Rental levels in many prime industrial property markets in EMEA will remain stable over the next 12 months, but markets in the east could see some growth, according to the latest research from Colliers International.

Rental levels in many prime industrial property markets in EMEA will remain stable over the next 12 months, but markets in the east could see some growth, according to the latest research from Colliers International.

A thin development pipeline and lack of quality 21st century space are helping to keep prime rents steady, despite the uncertain economic outlook and soft demand levels.

Erik Barnekow, head of Industrial & Logistics, EMEA at Colliers International said: 'It is the strategic locations in the emerging industrial markets of Central and Eastern Europe, the Baltics and Turkey where we could see some uplift in prime rents.

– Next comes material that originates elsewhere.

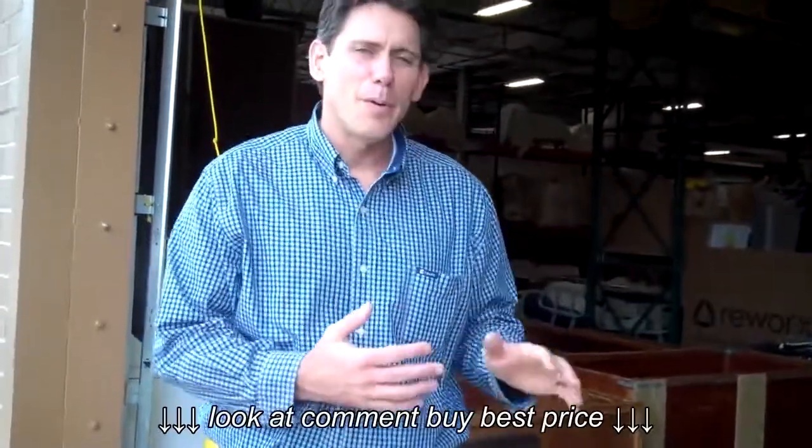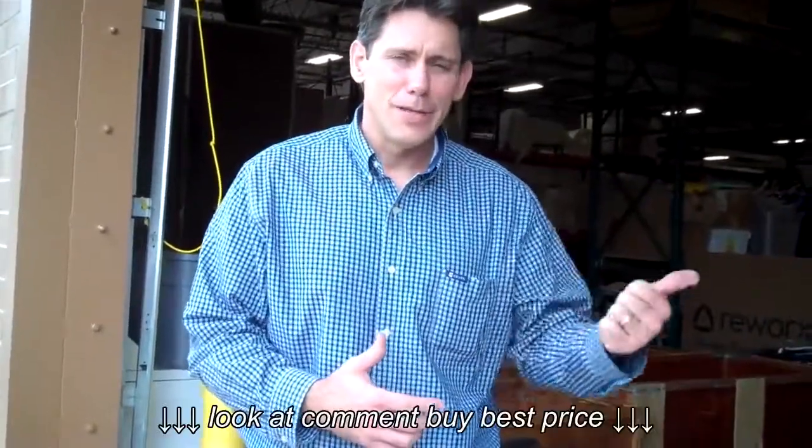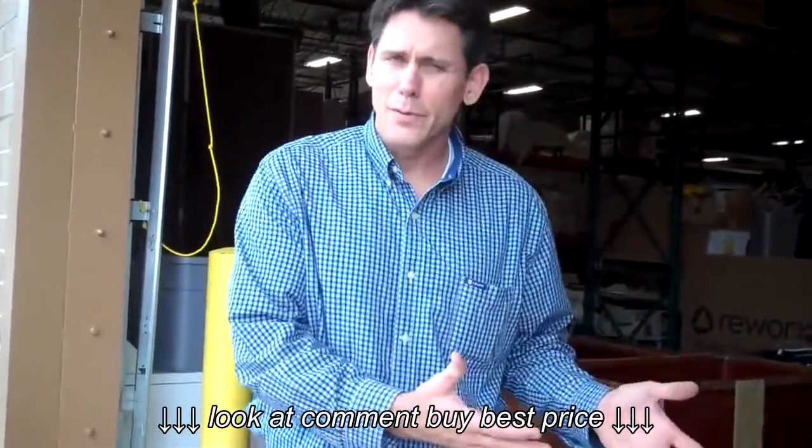Hey, this is Chris Brand. I'm director over at FODAC, Friends of Disabled Adults and Children. We wanted to demonstrate how to take apart a home care bed. Many volunteers help us collect them in the community, get them back to our facility to reissue to people. And the reverse of what we're doing is how you set up a bed in your home.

We believe that hubs such as Prague, Warsaw, Bratislava, Istanbul and St Petersburg could experience an increase over the next year.

'In Western Europe, it is those locations with limited availability of space, such as London Heathrow, Antwerp and Brussels which are best placed to also see a rise in rental values.'

The Colliers report does, however, state that with no obvious solution emerging for Europe’s troubled peripheral economies, there may well be further declines in prime rents in Athens, Lisbon and Madrid.

On the investment side, Colliers predicts that industrial prime yields across most of the markets monitored, will remain largely unchanged, with a marginal compression of prime yields is expected in some Western European markets, notably Frankfurt and Vienna.